The USDA is prevented by statute from creating a subsidy program, potentially costing $1 billion a year, for cottonseed, Agriculture Secretary Tom Vilsack said in an essay in Farm Journal. Congress, he says, needs to change the law. “Knowing that our tools to provide assistance have been severely limited, I have asked Congress to examine the appropriations language to see if they could grant USDA flexibility through legislative action,” wrote Vilsack.
It was the second time in three weeks that Vilsack has returned the question to Congress. House Agriculture chairman Michael Conaway of Texas, the No. 1 cotton state, insisted earlier this month that the USDA has the discretion to act on its own.

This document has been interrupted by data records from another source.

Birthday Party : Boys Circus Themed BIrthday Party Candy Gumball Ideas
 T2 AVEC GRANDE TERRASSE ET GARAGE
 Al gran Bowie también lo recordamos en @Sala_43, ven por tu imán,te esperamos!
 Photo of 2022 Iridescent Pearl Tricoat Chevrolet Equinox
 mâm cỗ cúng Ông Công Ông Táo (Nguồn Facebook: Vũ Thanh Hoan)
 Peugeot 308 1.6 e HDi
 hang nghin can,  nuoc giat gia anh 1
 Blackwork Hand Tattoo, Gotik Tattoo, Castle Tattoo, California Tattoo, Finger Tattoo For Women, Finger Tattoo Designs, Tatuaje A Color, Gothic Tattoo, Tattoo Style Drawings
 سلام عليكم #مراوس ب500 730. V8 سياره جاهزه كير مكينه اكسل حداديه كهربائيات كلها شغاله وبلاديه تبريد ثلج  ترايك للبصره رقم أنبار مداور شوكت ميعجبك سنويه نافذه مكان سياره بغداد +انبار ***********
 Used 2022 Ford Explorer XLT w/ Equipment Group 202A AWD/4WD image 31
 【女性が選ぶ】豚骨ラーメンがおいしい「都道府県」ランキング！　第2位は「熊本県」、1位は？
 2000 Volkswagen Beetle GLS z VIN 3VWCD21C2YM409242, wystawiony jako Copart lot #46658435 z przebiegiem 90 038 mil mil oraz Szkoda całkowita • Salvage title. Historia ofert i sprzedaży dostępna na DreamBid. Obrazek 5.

Faced with a global cotton glut and the lowest market price since 2009, the cotton industry made a novel proposal at the end of 2015. Backed by roughly 120 representative and senators, it asked the USDA to designate cottonseed as an “other oilseed” eligible for the same subsidies given to grain and soybean growers. Cotton lint, the longtime member of the farm program, would remain eligible for subsidies. The 2014 farm law remodeled the cotton program so the fiber is covered by a revenue insurance policy and a so-called marketing loan that guarantees a minimum price. Participation in the new program, called STAX, has been paltry — about one-fifth of cotton plantings last year.
In the op-ed, Vilsack said the 2014 farm law “expressly removed eligibility of cotton for such payments” because Congress severed cotton’s ties with the traditional farm program when it created STAX.
Traditionally, cottonseed is a minor source of revenue for growers compared to the more-valuable cotton fiber. Cottoneed is used in livestock rations and in food and industrial products.